═══ MATERIAL PROVIDED ═══

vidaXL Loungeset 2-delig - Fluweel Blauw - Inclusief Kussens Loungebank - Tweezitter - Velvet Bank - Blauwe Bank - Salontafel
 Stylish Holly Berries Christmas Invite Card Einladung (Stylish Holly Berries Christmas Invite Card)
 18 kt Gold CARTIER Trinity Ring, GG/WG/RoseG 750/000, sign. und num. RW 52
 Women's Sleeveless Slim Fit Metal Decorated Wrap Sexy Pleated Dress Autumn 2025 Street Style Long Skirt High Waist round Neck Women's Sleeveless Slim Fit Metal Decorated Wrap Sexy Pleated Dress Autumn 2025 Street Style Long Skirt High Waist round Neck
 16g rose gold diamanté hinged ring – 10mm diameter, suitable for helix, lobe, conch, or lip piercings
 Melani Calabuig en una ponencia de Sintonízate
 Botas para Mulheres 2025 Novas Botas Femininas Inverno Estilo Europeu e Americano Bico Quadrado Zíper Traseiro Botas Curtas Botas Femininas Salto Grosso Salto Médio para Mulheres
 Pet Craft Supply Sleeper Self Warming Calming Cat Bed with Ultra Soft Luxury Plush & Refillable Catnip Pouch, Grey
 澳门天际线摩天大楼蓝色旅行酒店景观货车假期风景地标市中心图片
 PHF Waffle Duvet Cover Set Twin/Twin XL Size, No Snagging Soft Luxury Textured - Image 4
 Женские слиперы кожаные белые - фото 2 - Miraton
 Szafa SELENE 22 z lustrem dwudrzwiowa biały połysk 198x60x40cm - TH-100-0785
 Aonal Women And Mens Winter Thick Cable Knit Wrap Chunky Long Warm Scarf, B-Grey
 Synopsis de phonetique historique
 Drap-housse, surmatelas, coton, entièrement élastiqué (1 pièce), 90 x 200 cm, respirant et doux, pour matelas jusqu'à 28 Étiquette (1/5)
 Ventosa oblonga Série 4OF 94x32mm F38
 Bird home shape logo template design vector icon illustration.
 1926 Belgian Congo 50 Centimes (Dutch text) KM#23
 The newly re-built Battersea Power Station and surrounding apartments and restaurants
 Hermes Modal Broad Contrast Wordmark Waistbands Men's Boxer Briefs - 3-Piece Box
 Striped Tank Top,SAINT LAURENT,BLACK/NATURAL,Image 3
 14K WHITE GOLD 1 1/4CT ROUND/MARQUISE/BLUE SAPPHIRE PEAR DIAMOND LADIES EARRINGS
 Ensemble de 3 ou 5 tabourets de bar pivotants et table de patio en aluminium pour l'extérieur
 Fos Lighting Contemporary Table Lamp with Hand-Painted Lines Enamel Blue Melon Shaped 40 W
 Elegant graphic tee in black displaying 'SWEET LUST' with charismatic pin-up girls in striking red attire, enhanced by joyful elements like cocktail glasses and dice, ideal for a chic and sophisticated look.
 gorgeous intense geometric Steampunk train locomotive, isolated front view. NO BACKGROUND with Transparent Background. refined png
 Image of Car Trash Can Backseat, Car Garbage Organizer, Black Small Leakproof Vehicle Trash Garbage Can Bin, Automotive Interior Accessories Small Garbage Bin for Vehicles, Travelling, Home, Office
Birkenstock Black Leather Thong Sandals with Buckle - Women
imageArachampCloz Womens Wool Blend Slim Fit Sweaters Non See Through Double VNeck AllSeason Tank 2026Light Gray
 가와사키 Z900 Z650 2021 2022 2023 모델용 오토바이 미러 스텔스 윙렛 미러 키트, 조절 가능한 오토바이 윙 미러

═══

TO DO:
Line count for the word "Tank": give the number of lines in the entries above that contain it, and nothing more.

ANSWER TO THE EXERCISE:
2